■ Work instruction ■
Copy word for word the lines in the records below, starting at the line with "coals Starlight Quick" and ending at the line with "Sam Edelman Silver Block Heels". Skip the pictures.

■ Exercise data ■
************

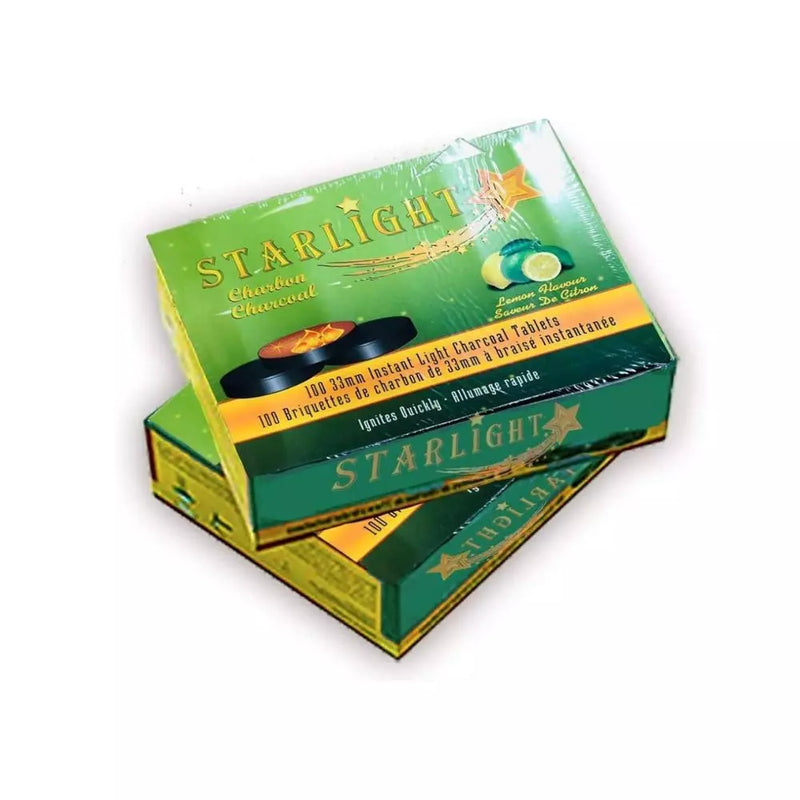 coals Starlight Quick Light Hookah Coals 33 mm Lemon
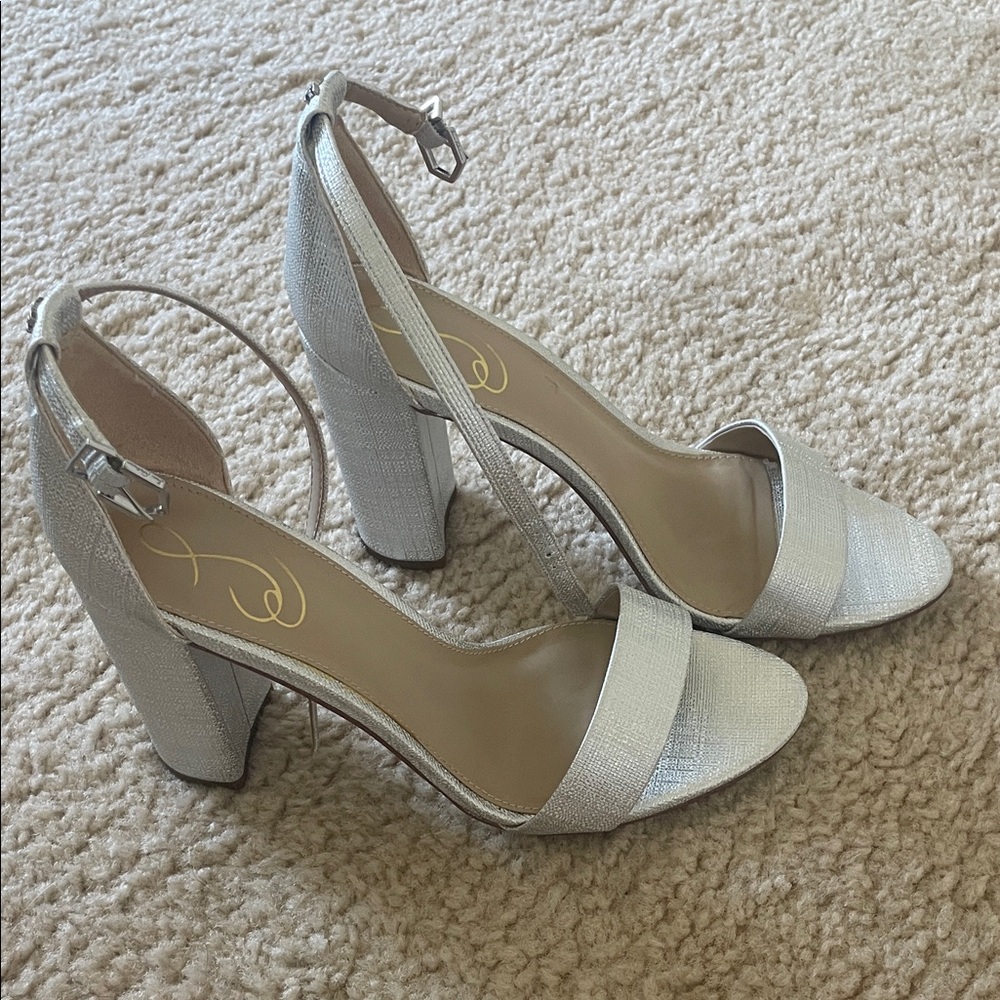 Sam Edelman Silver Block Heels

************

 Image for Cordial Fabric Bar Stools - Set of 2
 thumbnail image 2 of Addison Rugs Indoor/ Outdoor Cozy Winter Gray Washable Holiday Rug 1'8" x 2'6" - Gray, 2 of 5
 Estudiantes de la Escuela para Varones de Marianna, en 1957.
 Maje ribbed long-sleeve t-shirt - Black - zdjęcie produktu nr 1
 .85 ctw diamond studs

************

■ Exercise solution ■
 coals Starlight Quick Light Hookah Coals 33 mm Lemon
 Sam Edelman Silver Block Heels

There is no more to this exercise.